Saturday, January 19, 2013

We Should ALL be Idle No more

{The following column was  originally written for the February Anahim-Nimpo Lake Messenger--MC}

Are "Idle No More" protestors complaining too much?   Cariboo-Prince George  Conservative MP Dick Harris certainly seem to think so,  calling the movement a "cash cow" for the aboriginal industry and lacking in gratitude for all of the wonderful things the Conservatives have done for First Nations since taking office.
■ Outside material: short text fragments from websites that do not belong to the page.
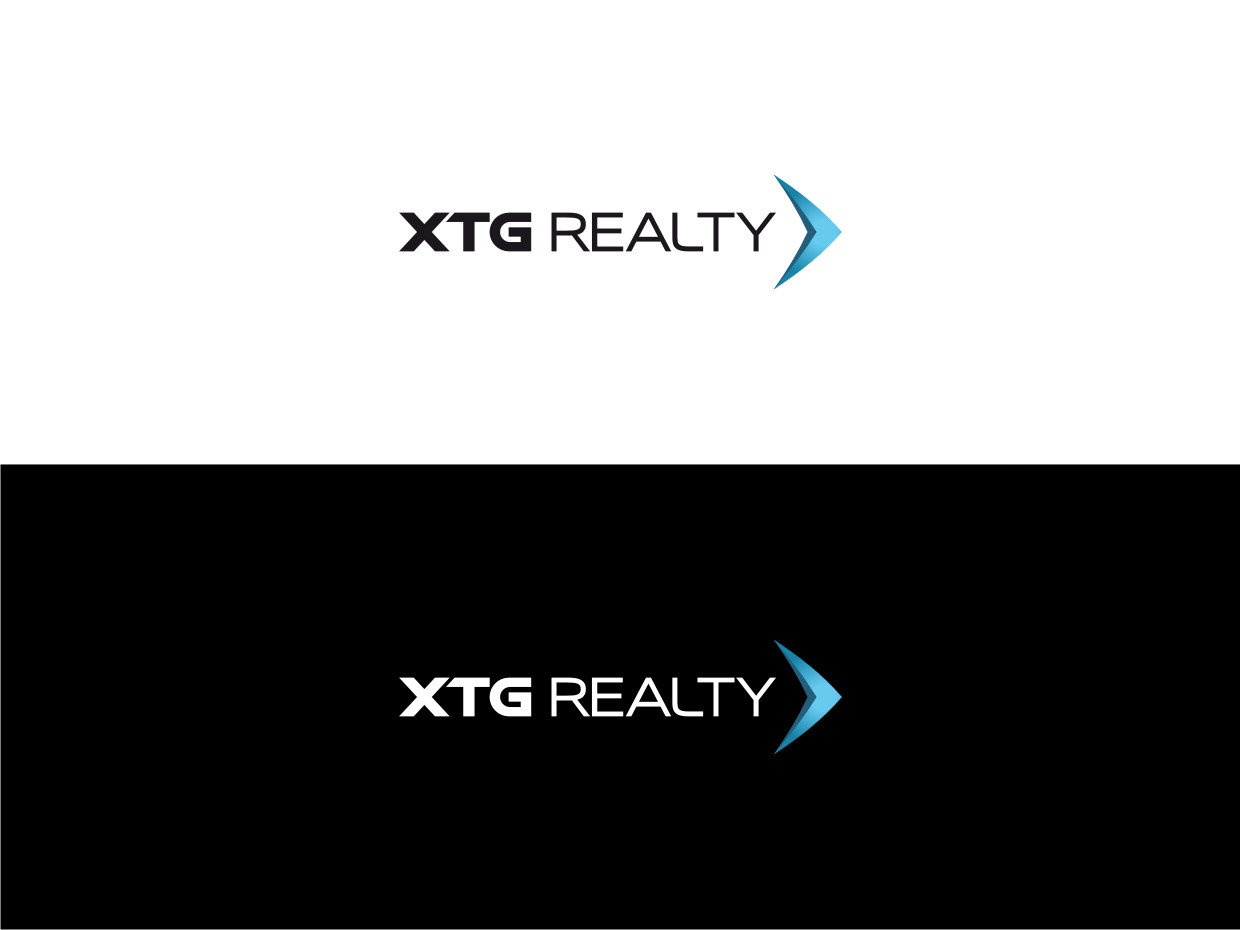 Logo Design by Atvento Graphics for this project | Design: #30703204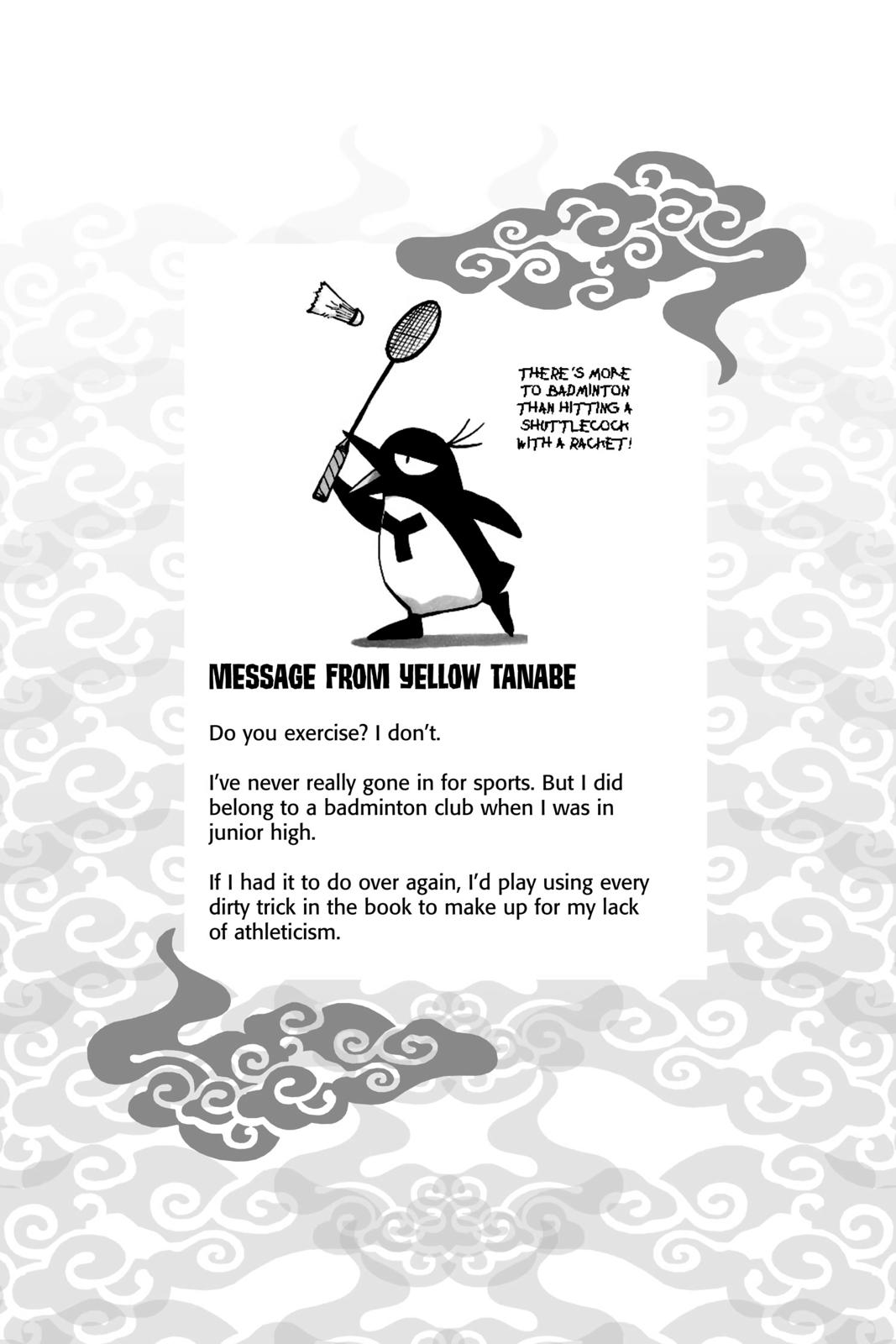 Read Kekkaishi Manga Online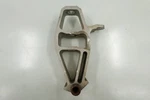 2014-2023 Polaris Indy Lxt 550 Oem Rh Right Ski Leg Spindle 1823876. Fixed Price $62.95.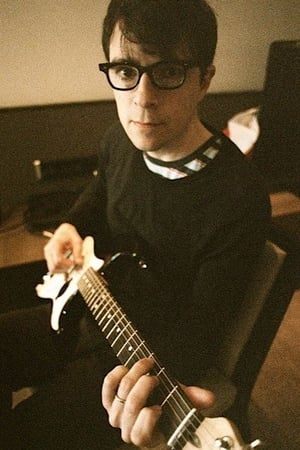 Rivers Cuomo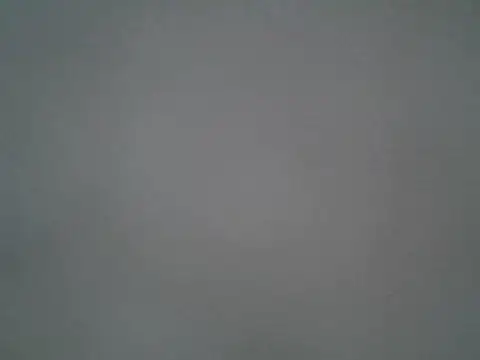 Pixiebolt online show from 05/17/26, 09:11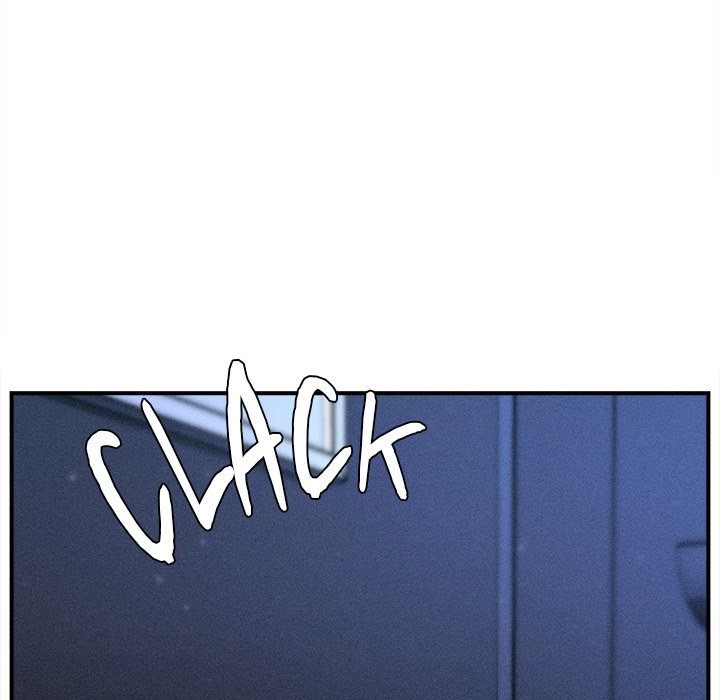 The Chairman’s Secret Son Chapter 12 - Manhwa18.com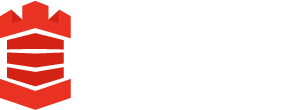 Castle Industrial Logo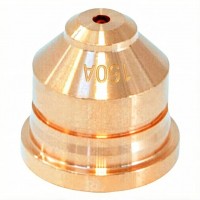 Сопло PARWELD XTY160/YM160, 160A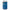 ZEP 650880 Clean'Ems Spirit II Disinfecting Towels, Pre-Moistened, Center Pull Canister, Pleasant Scent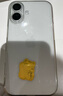 中國黃金（CHINA GOLD）黃金金條足金公主請發(fā)財手機貼片財神貔貅小金片儲值收藏生日禮物 招財貓 曬單實(shí)拍圖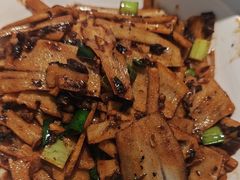 -兰湘子·湘菜小炒(长安万科广场店)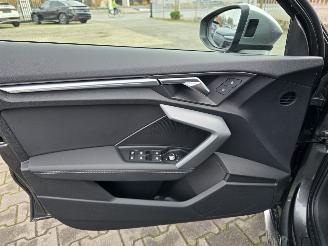 Audi S3 quattro 245 Kw picture 20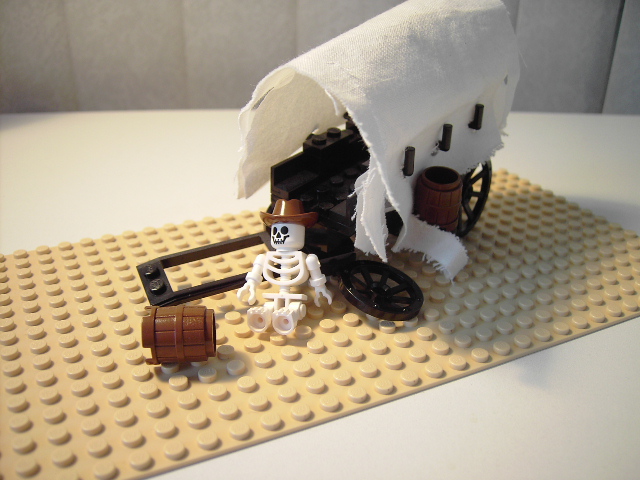 lego_wagon_death_002.jpg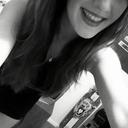 Belle Robinson (@5boyz_Mylife) Twitter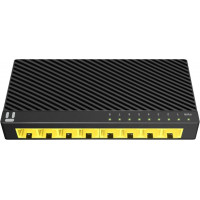 NETIS ST3108GC Switches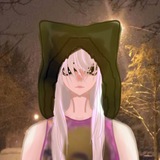 Telegram profile photo for ᴡʜɪsᴋᴀ||виски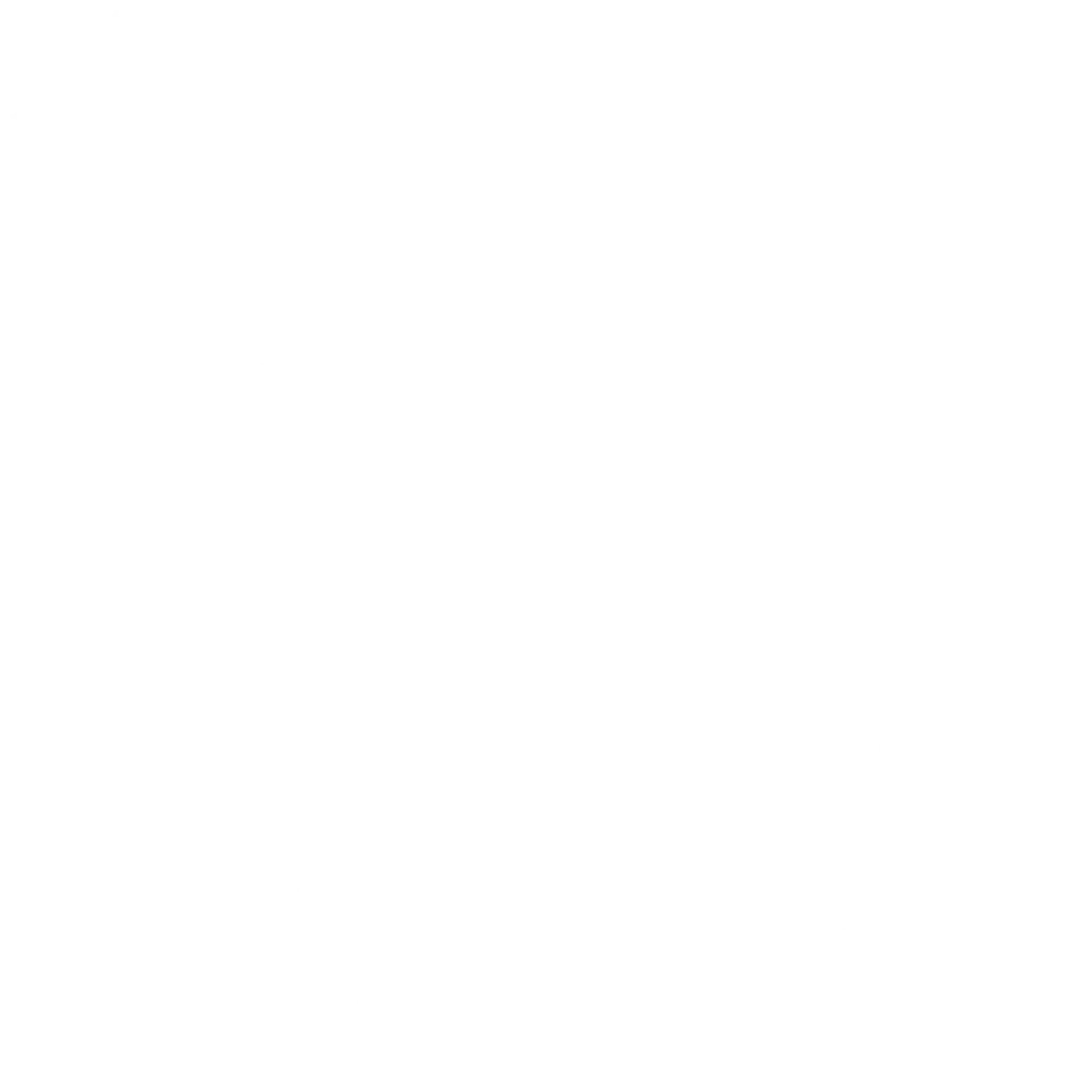 Ashton Court Mountain Biking Trail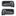 hushan-par-de-manijas-de-puertas-interiores-traseras-gris-honda-element-2003-2011-element-0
Could Harris be right?  No, it seems to me that he could not be.   Idle No More, as its name suggests, is not about demanding more hand-outs, or dragging out the Treaty process forever, or perpetuating the status quo for the financial benefit of lawyers, consultants, or existing band chiefs. It is, in part, a protest  precisely against that state of affairs.   Deliberately or not, Harris seems to have confused a genuine grassroots movement that has spread like wildfire with a glacier-like Treaty process that has been occupied by special interests.  It is not hard to spot the difference, even if you have a government that doesn’t want you to.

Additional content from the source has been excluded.